16 May 2013
Noam Chomsky and Propaganda
Noam Chomsky at the British Library, 2013 © Ander McIntyre
Ander McIntyre is a photographer and a Fellow at the Eccles Centre for American Studies at the British Library. He is an occasional contributor to this blog:
A portrait of Noam Chomsky just before he delivered a lecture at the British Library on 19 March this year, as part of the series of events under the banner of the Library's new exhibition Propaganda: Power and Persuasion.

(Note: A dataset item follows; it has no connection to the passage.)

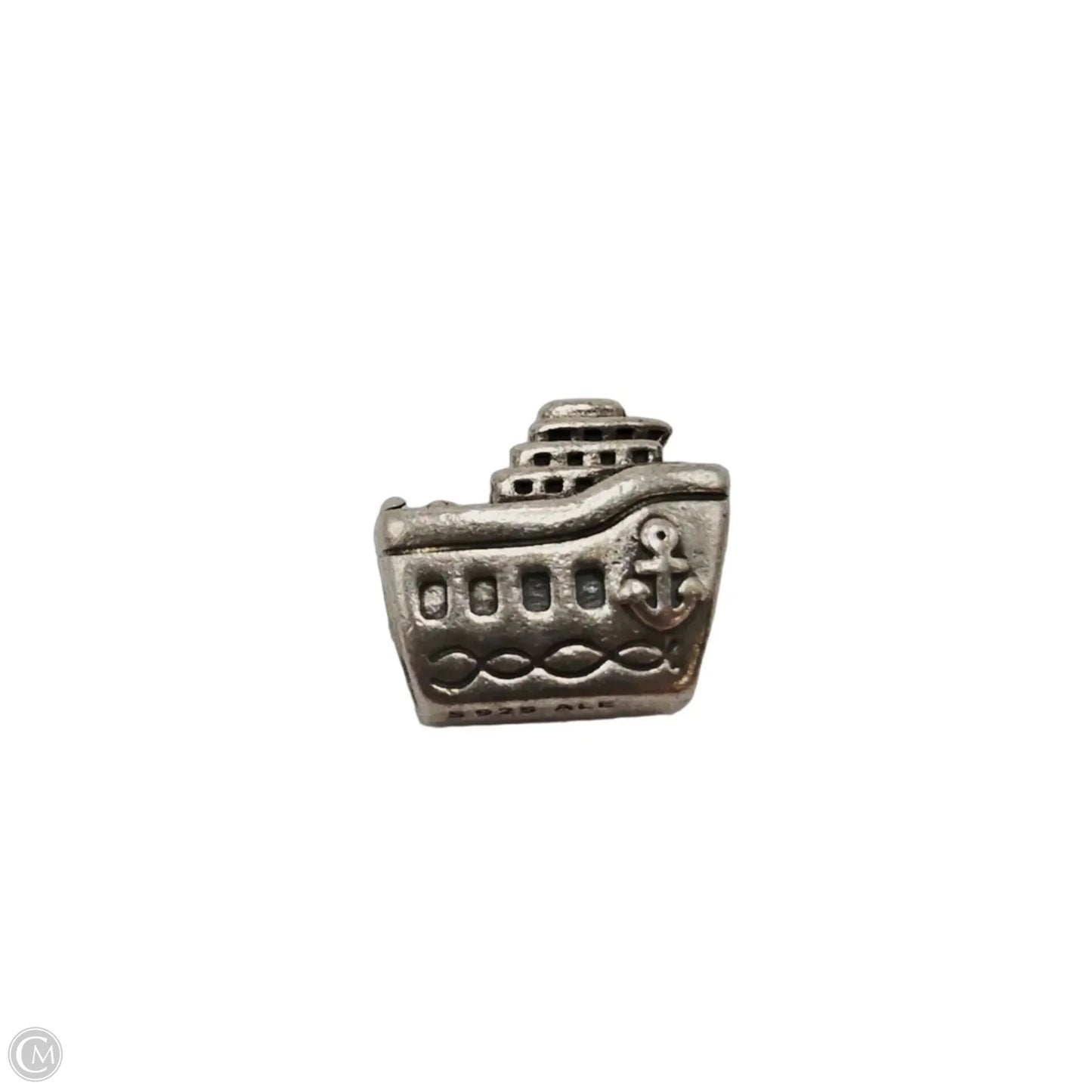 Jewelry Charm By Pandora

In 1988, Professor Chomsky wrote, in Language and Problems of Knowledge: The Managua Lectures (MIT Press),
Work of true aesthetic value follows canons and principles that are only in part subject to human choice; in part, they reflect our fundamental nature. The result is that we can experience deep emotion - pleasure, pain, excitement, and so on - from certain creative work, though how and why remains largely unknown. But the very capacities of mind that open these possibilities to us exclude other possibilities forever. The limits of artistic creativity should, again, be a matter of joy, not sorrow, because they follow from the fact that there is a rich domain of aesthetic experience to which we have access.
A film of Chomsky's conversation at the Library with Jonathan Freedland is on our YouTube channel.
[A.M.]
I really like this photograph. It captures a trenchant and humane man without airs and graces who is, too, a very great thinker. The image is skilfully taken with no barrier between the subject and the viewer.